• [How to complete this task]
Only the lines from the one that contains "Didampingi Bupati Blora" to the last line below, both included, should be transcribed. Pictures stay out of the copy.

- Opening Delimiter -

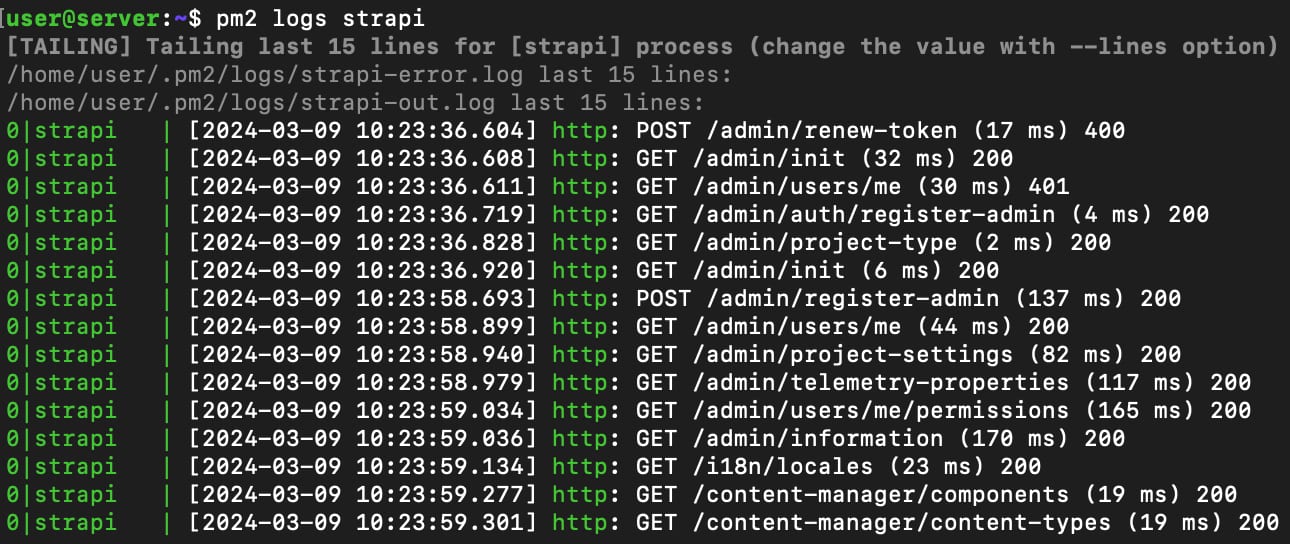 How to Use the Strapi VPS Template How to Use the Strapi VPS Template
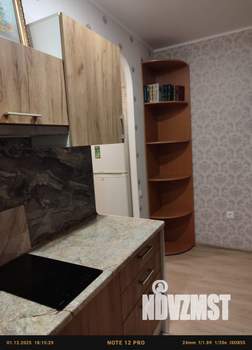 Студия квартира, на длительный срок, 25м2, 9/17 этаж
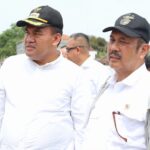 Didampingi Bupati Blora Menteri PPN Tinjau Sejumlah Proyek Strategis di Blora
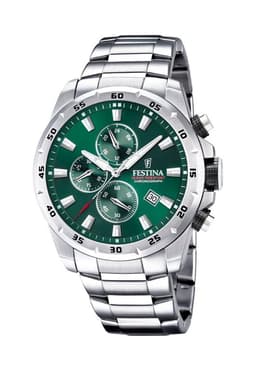Reloj F20463/3 Verde Hombre Chrono Sport Verde TALLA UNICA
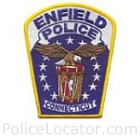 Enfield Police Department Patch
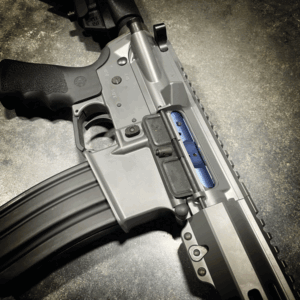 AR15 CUSTOM CERAKOTE RIFLE E-SERIES CONCRETE CERAKOTE WITH 16" BARREL.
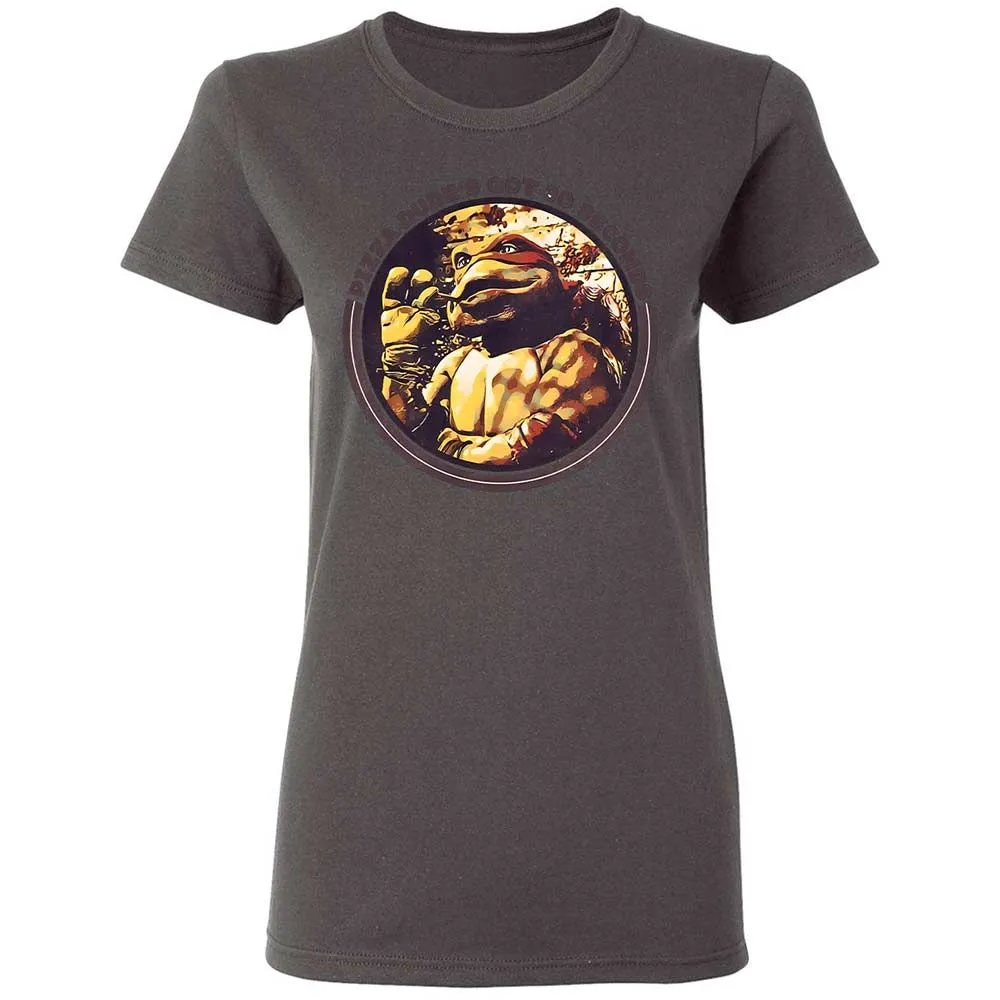 Women's T-Shirt - LMPYJB34 - Charcoal - 15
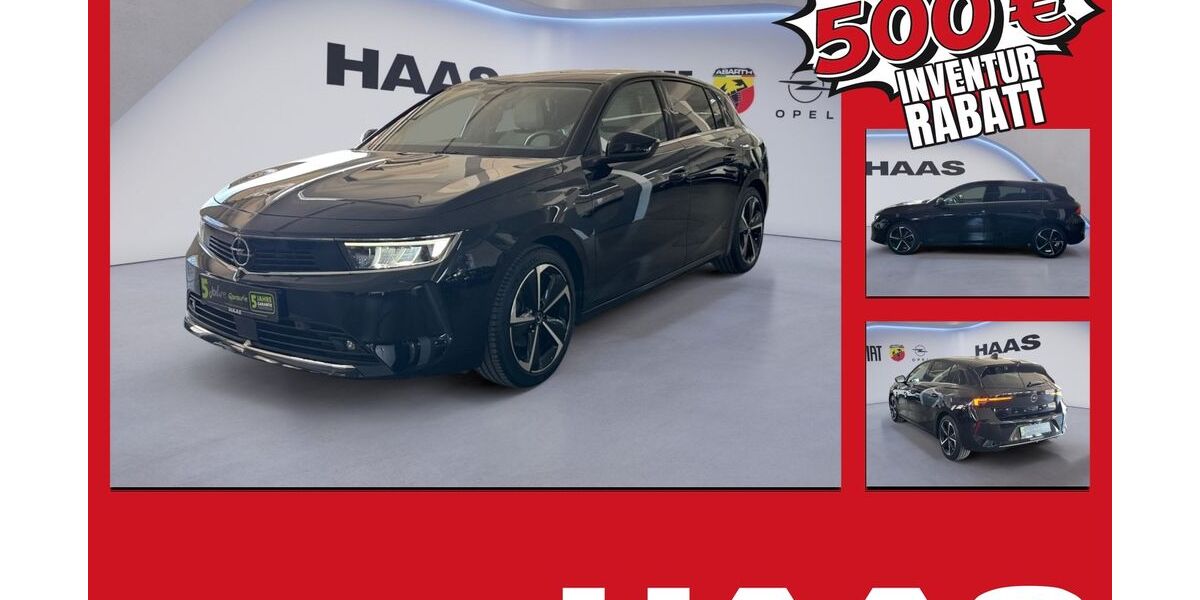 Opel Astra 28.600 km 17.980 &euro; Schwabmünchen 86830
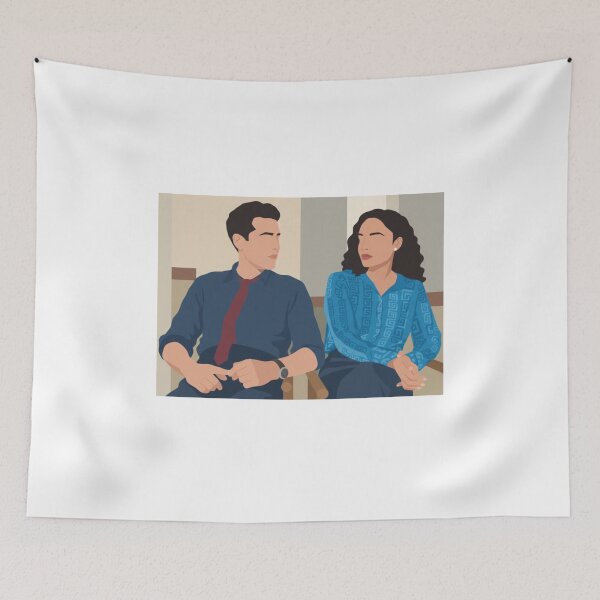 Item preview, His & Hers Vector Art | Detective & Reporter Crime Drama Inspired Design designed and sold by Fandom Universe.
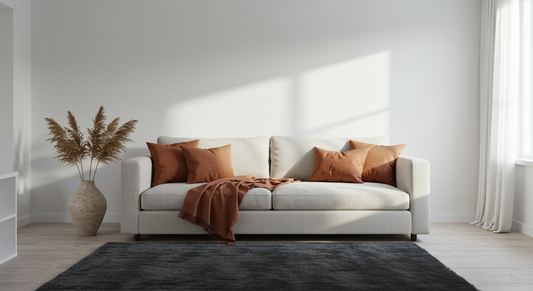 Color Story: How to Use a Warm, Terracotta Palette in a Minimalist Home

- Closing Delimiter -

• [Task answer]
 Didampingi Bupati Blora Menteri PPN Tinjau Sejumlah Proyek Strategis di Blora
Reloj F20463/3 Verde Hombre Chrono Sport Verde TALLA UNICA
 Enfield Police Department Patch
 AR15 CUSTOM CERAKOTE RIFLE E-SERIES CONCRETE CERAKOTE WITH 16" BARREL.
 Women's T-Shirt - LMPYJB34 - Charcoal - 15
 Opel Astra 28.600 km 17.980 &euro; Schwabmünchen 86830
 Item preview, His & Hers Vector Art | Detective & Reporter Crime Drama Inspired Design designed and sold by Fandom Universe.
 Color Story: How to Use a Warm, Terracotta Palette in a Minimalist Home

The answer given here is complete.